If this sounds rather a bold statement, you should remember that I do spend quite a lot of time with Sunday supplements, and not all of it in the dark place that you are currently imagining. To my certain knowledge, there is no food group that the Mail on Sunday has not declared a significant health hazard in the past 10 years, quite often on the same day that the Sunday Times declared it a new superfood.
This all makes ranging decisions rather tricky, but happily for me the main food group consumed by my customers is booze, and any attempt to regulate that would be crushed by an overwhelming parliamentary majority in the shape of Ken Clarke MP (inter alia).
Now where was I? Oh yes, rambling. Not unlike the reactions of the spiced-pumpkin-latte-drinking classes to Mr Lewis’s latest plot to con children into eating repulsive vegetables by chopping them up into brightly-coloured shapes.
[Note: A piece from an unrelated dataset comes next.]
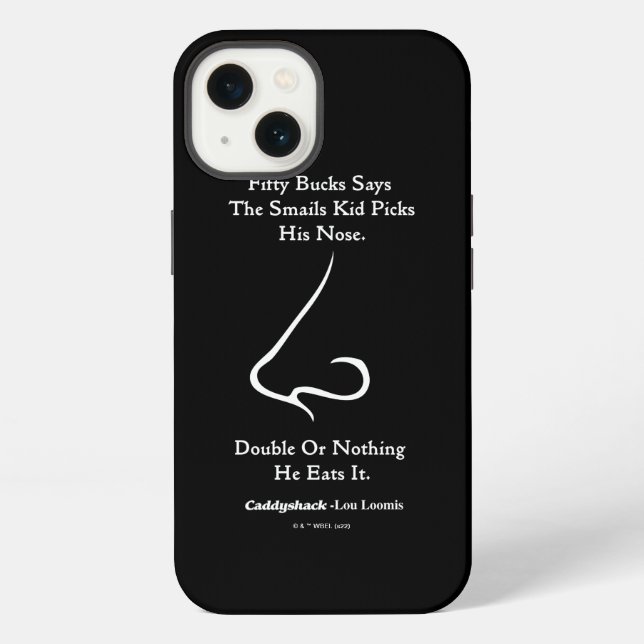 Caddyshack | Fünfzig Dollar wetten iPhone Hülle (Rückseite)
Apparently, sales to Brexiters have rocketed, so I have put Pavlina to work carving veg into pretty shapes so that MPs can understand them. Out of respect for our political leadership, I insisted that she create something for Mrs May first. I’m not absolutely sure what Pavlina crafted from those two kiwifruit and the huge cucumber but I got an awfully rude note from No 10. Some people simply have no concern for the wellbeing of the nation.